Here is the task for the records below: repeat exactly the lines from the one with "Illustration of skills" to the one with "1980 Sondra Robert’s", both included, and nothing else.

□ □ □ □

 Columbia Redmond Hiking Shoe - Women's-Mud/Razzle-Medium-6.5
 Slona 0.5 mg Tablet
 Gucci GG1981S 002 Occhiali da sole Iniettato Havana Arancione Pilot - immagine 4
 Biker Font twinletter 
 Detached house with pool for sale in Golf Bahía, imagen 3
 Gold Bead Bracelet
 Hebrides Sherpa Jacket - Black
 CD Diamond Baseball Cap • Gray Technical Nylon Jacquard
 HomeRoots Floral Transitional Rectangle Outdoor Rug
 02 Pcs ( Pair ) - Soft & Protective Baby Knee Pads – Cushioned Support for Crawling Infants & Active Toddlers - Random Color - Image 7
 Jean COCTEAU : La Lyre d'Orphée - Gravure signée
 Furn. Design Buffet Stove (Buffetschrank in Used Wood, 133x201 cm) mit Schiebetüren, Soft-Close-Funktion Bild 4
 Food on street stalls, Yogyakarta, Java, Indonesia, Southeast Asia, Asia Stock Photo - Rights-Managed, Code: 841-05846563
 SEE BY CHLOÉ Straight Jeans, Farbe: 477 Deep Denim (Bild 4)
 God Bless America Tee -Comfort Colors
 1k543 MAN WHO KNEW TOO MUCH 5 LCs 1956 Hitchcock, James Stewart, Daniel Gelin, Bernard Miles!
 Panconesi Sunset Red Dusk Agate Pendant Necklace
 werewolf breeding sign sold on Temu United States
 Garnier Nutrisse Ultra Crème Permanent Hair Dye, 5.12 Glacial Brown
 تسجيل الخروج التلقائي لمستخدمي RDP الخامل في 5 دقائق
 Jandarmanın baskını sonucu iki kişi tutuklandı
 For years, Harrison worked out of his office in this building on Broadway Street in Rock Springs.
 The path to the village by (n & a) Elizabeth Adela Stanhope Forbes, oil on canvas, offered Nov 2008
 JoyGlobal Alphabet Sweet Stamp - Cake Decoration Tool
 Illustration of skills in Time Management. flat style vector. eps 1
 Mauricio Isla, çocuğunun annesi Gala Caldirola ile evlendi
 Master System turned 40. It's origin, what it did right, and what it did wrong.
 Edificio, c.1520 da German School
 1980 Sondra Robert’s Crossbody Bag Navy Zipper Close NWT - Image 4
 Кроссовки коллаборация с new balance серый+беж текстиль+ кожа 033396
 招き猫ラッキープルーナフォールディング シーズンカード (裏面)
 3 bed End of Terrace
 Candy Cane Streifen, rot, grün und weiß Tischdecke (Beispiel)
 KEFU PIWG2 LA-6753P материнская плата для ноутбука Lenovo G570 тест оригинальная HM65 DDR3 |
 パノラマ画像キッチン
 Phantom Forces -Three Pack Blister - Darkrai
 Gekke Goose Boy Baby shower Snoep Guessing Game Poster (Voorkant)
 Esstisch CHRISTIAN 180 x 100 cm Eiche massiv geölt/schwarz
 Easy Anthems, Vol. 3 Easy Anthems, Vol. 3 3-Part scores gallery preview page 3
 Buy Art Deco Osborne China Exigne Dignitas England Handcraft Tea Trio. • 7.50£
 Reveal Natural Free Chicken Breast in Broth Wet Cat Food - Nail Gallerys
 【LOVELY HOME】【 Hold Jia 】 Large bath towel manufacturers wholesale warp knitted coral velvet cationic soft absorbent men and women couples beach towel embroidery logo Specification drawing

□ □ □ □

__ANSWER SECTION__.
 Illustration of skills in Time Management. flat style vector. eps 1
 Mauricio Isla, çocuğunun annesi Gala Caldirola ile evlendi
 Master System turned 40. It's origin, what it did right, and what it did wrong.
 Edificio, c.1520 da German School
 1980 Sondra Robert’s Crossbody Bag Navy Zipper Close NWT - Image 4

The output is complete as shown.